Home / National News / Deadly Restaurant Explosion in Kansas City Captured on Tape


(KANSAS CITY, Mo.) – New video emerged Wednesday of a massive explosion at a Kansas City restaurant Tuesday night that left one person dead and 15 injured.

The video of the blast at JJ’s Restaurant, an eatery in the upscale Country Club Plaza, came from a surveillance camera at Shelton Travel Service Inc., a nearby business.

The video showed a sudden fiery explosion erupting from the restaurant’s corner location. Several cars were stopped at a stoplight in the intersection at the time.

Earlier Wednesday, Kansas City authorities announced that they had found a body at the scene of the blast. One person had been missing since Tuesday evening. Of the 15 people transported to local hospitals Tuesday, nine had been released.

Questions about who was responsible for the deadly explosion went unanswered from various offices Wednesday. A report about a gas leak came in at 5:15 p.m. Tuesday evening. The time-stamp on the surveillance video showed it was nearly half an hour later – 5:44 p.m. – at the time of the blast. The first emergency call about it came at 6:04 p.m.

Pressed by reporters about who was responsible for the tragedy, Kansas City Mayor Sly James responded tersely, “It ain’t going to happen today.”
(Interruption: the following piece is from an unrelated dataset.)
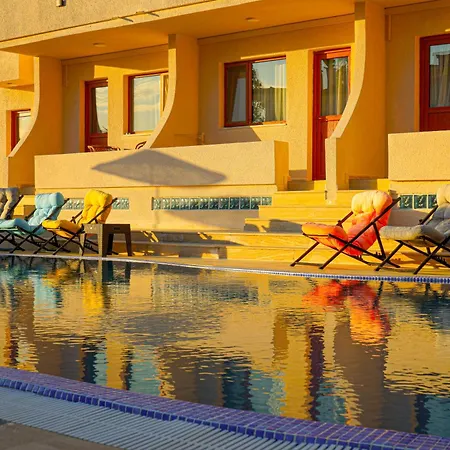 Szálloda Tici Hotel By Ozel Group Bodrum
In a statement released Wednesday afternoon, Missouri Gas Energy said its probe into the blast continues.

“We remain focused on supporting the ongoing investigation into the cause of last night’s incident and on ensuring the continued security of the site,” the company said. “Our heartfelt thoughts and prayers are with all those impacted and their loved ones, and we want to thank the emergency responders for their efforts last night and their continued work today to help so many.”

The chairman of the Missouri Public Service Commission, Kevin Gunn, said in a statement that early indications point to the incident not stemming from a system failure.

“Very preliminary reports indicate this leak may have been caused by a strike on a line, rather than a spontaneous infrastructure failure,” Gunn said. “However, we cannot know for certain until our staff completes what will be a very detailed inspection.”

Such inspections, Gunn cautioned, can take months.